Nowhere is this mindset more on display in environmentalism. Everyone hawking the Green New Deal insists that it’s win-win all the way down. It’s Bastiat’s broken window parable on an industrialized scale. Spending trillions to switch to less efficient forms of energy will boost economic growth and create jobs, they insist. I’d have much more respect for these arguments if they simply acknowledged that doing a fraction of what they want will come at considerable cost.

Consider Greta Thunberg, the latest child redeemer of the climate change movement. She hates planes because they spew CO2. That’s why she sailed from Sweden to a conference in New York. As symbolism, it worked, at least for the people who already agree with her. But in economic terms, she might as well have raised the Spoon Banner off the main mast of her multi-million-dollar craft (that may have a minimal carbon footprint now, but required an enormous carbon down-payment to create). The organizers of this stunt had to fly two people to New York to bring the ship back across the Atlantic. And scores of reporters flew across the Atlantic to cover her heroic act of self-denial. Her nautical virtue signaling came at a price.

The organizers insist that they will buy carbon offsets to compensate for the damage done. But that’s just clever accounting. The cost is still real. And that’s not the only cost. It took her fifteen days to get to America. In other words, she actually proved the point of many of her critics. Fossil fuels come with costs all their own—geopolitical, environmental, etc.—but the upside of those downsides is far greater efficiency. If you want to get across the Atlantic in seven hours instead of two weeks, you need fossil fuels. The efficiency of modern technology reduces costs by giving human beings more time to do other stuff.

The Conservative Planners

The unity of goodness mindset has been spreading to the right these days as well. The new conservative critics of the free market see the efficiency of the market as a threat to other good things. And they’re right, as Joseph Schumpeter explained decades ago. For instance, just as earth-moving equipment replaces ditch-diggers in the name of efficiency, robots replace crane operators, and the communities that depended on those jobs often suffer as a result.
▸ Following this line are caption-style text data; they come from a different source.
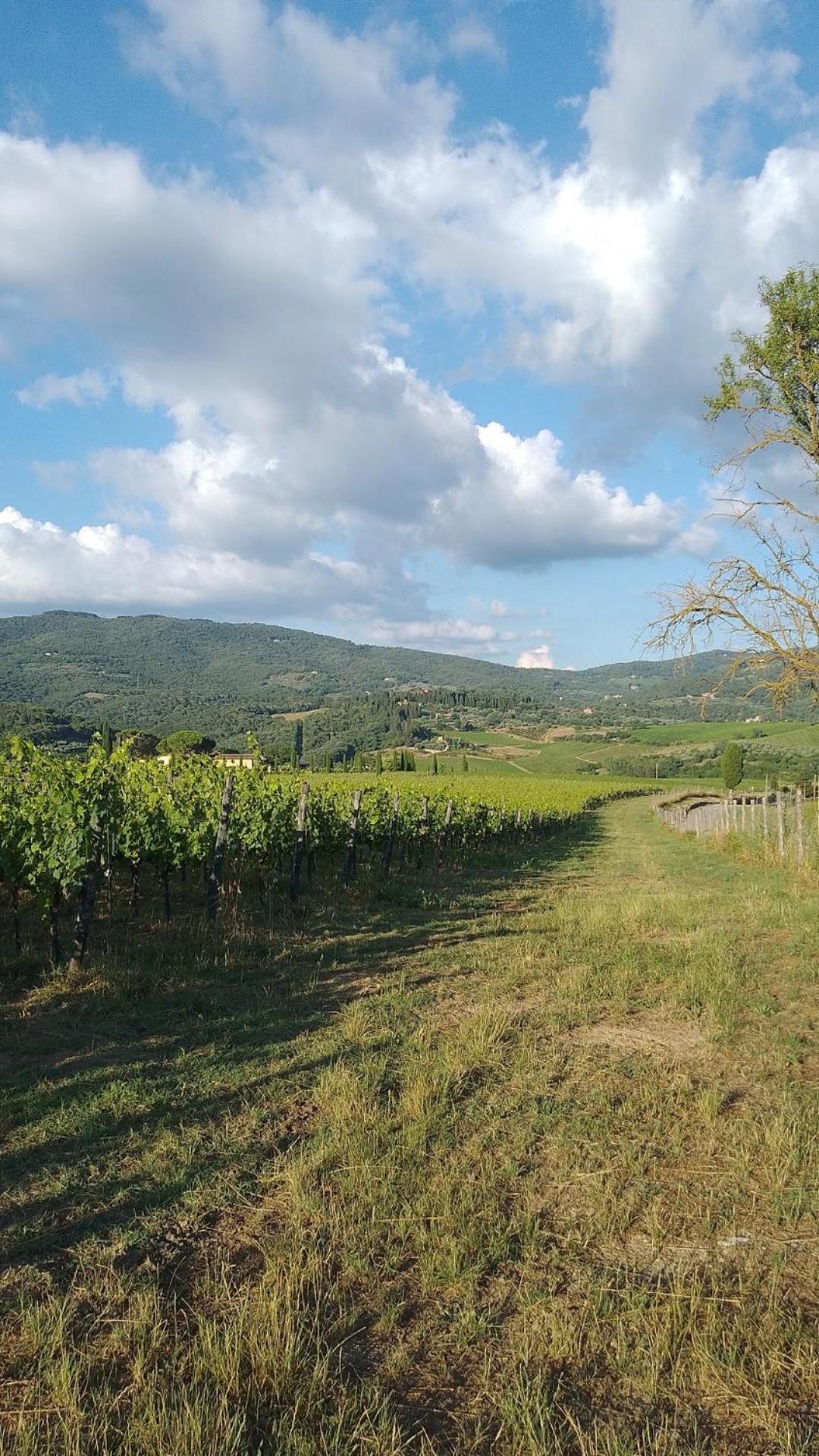 La Turra - Casa Di Campagna เกรเว อิน เคียนตี ภายนอก รูปภาพ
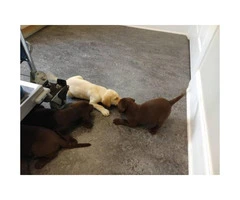 7 weeks old Akc lab puppies for sale - 4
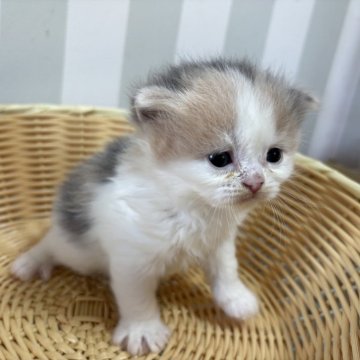 ミヌエット(長足)【群馬県・女の子・2026年4月11日・ダイリュートキャリコ】の写真「淡いカラーのミケちゃんです🧡」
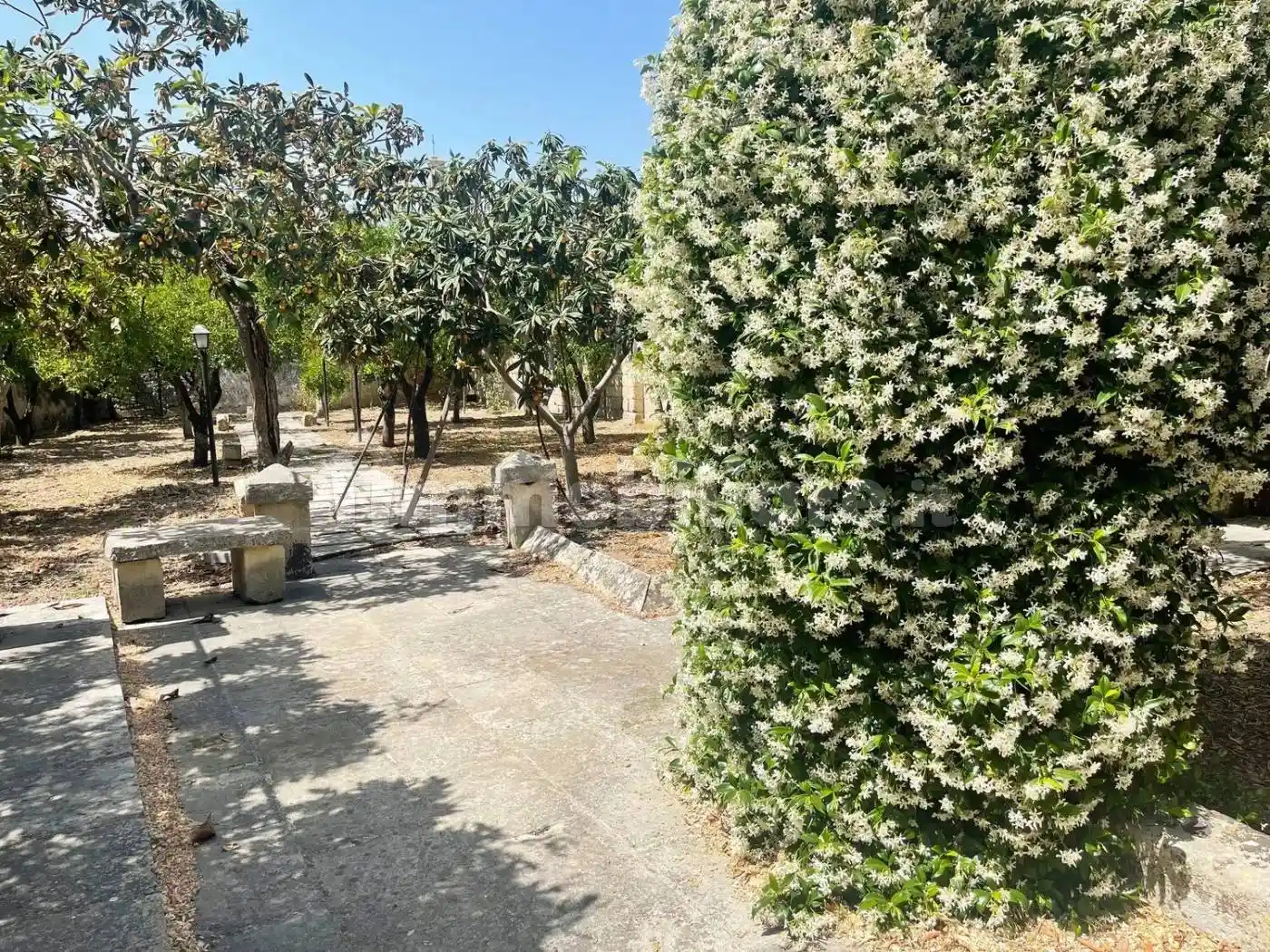 Palazzo - Edificio in vendita a Lizzanello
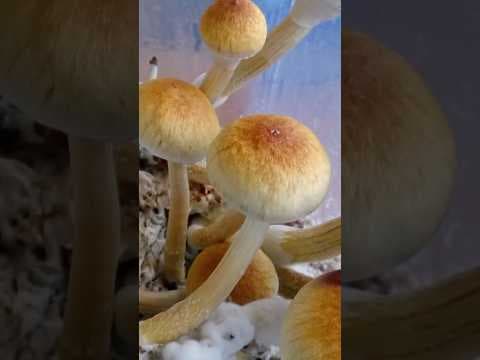 ‘Magic Mushroom’ Therapy Centers to be Regulated in Denver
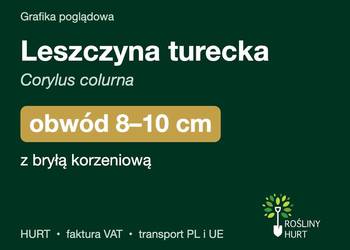 Leszczyna turecka (Corylus colurna) obwód 8-10 cm, z bryłą – HURT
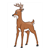 Male Deer Color PDF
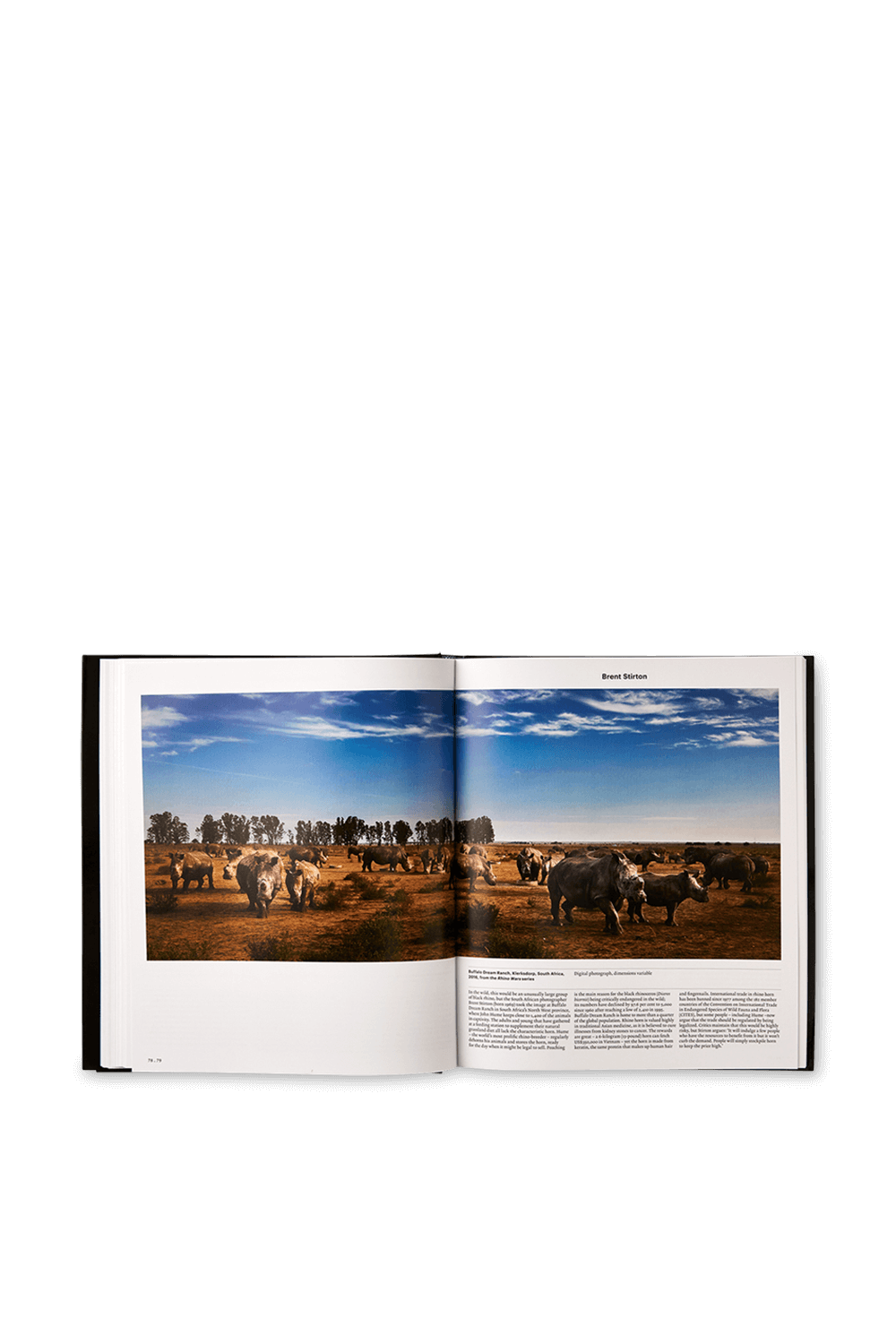 תמונת תקריב של Animal Exploring the Zoological World PHAIDON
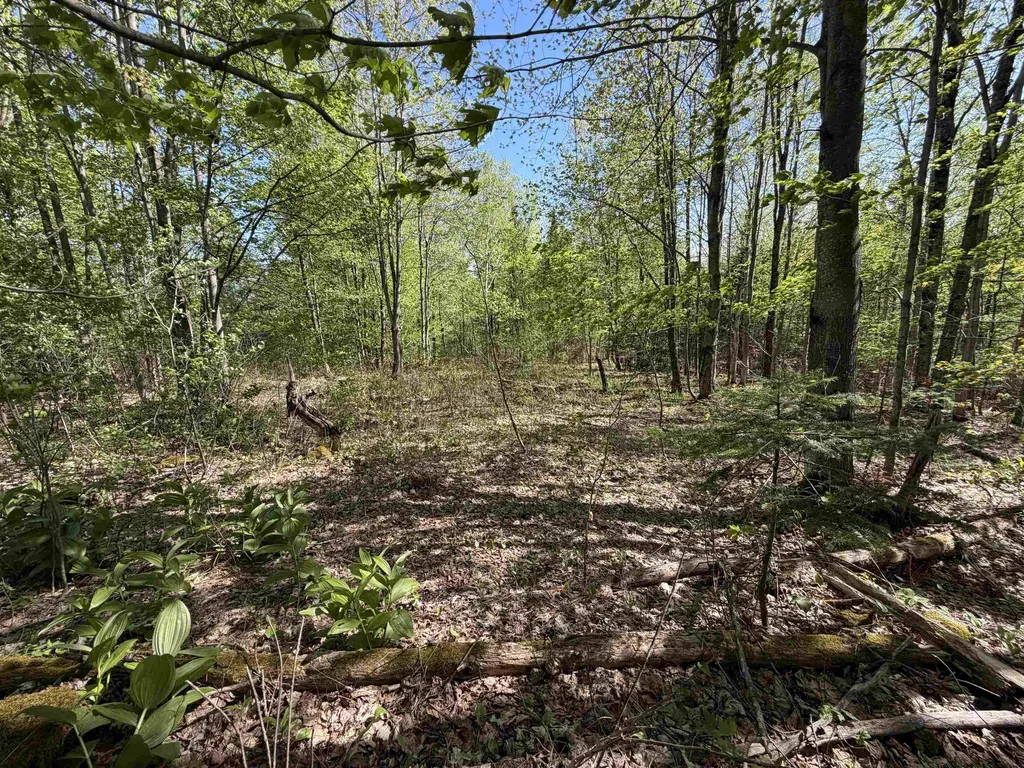 550 Petit Road Coventry VT 05825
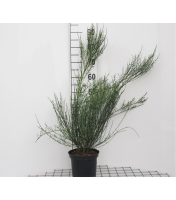 Cytisus 'Zeelandia'   pot   40 60 cm  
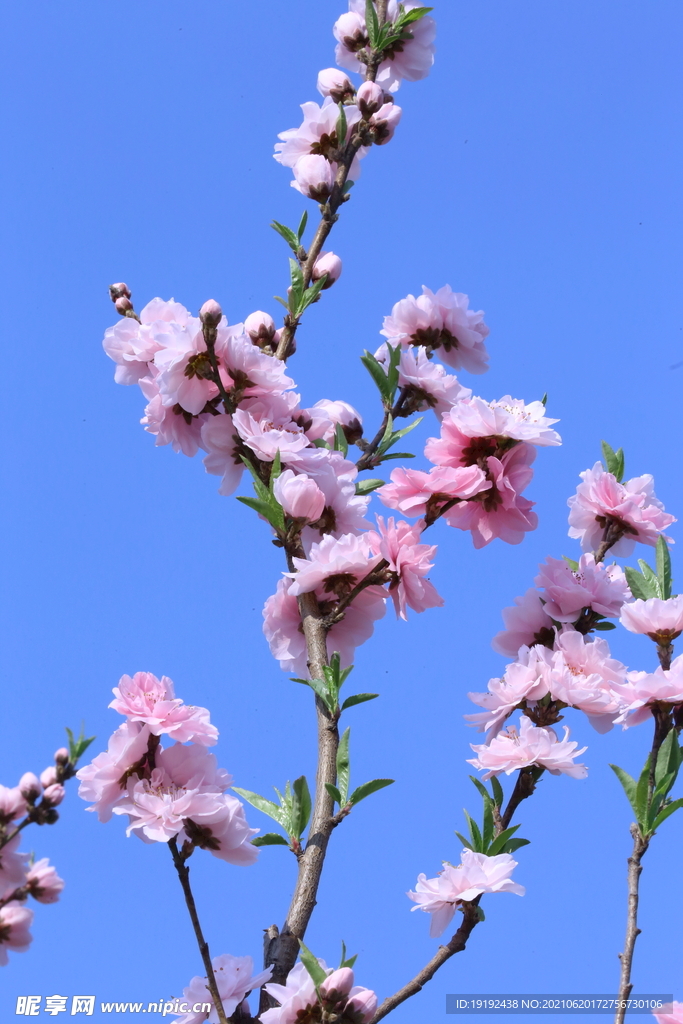 碧桃花儿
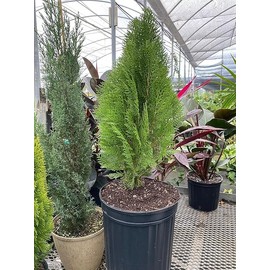 Blue Cone Arborvitae | Thuja Orientalis Cypress Evergreen Live Garden Plant | Air Purifying, Low Maintenance Tree with Blue-Green Foliage for Hedges and Landscapes (1gal Pot, 2-3ft)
I have no quarrel with this observation. My problem is with the way they either sell their program as cost-free, or pretend that the right experts can run things better from Washington. They know which jobs or industries need the state to protect them from the market. They know how to run Facebook or Google to improve the Gross National Virtue Index. Many of the same people who once chuckled at the Spoons story now nod sagely. I don’t mean to say that there’s no room for government to regulate economic affairs. But I am at a loss as to why I should suspend my skepticism for right-wingers when they work from the same assumptions of the left-wingers I’ve been arguing with for decades.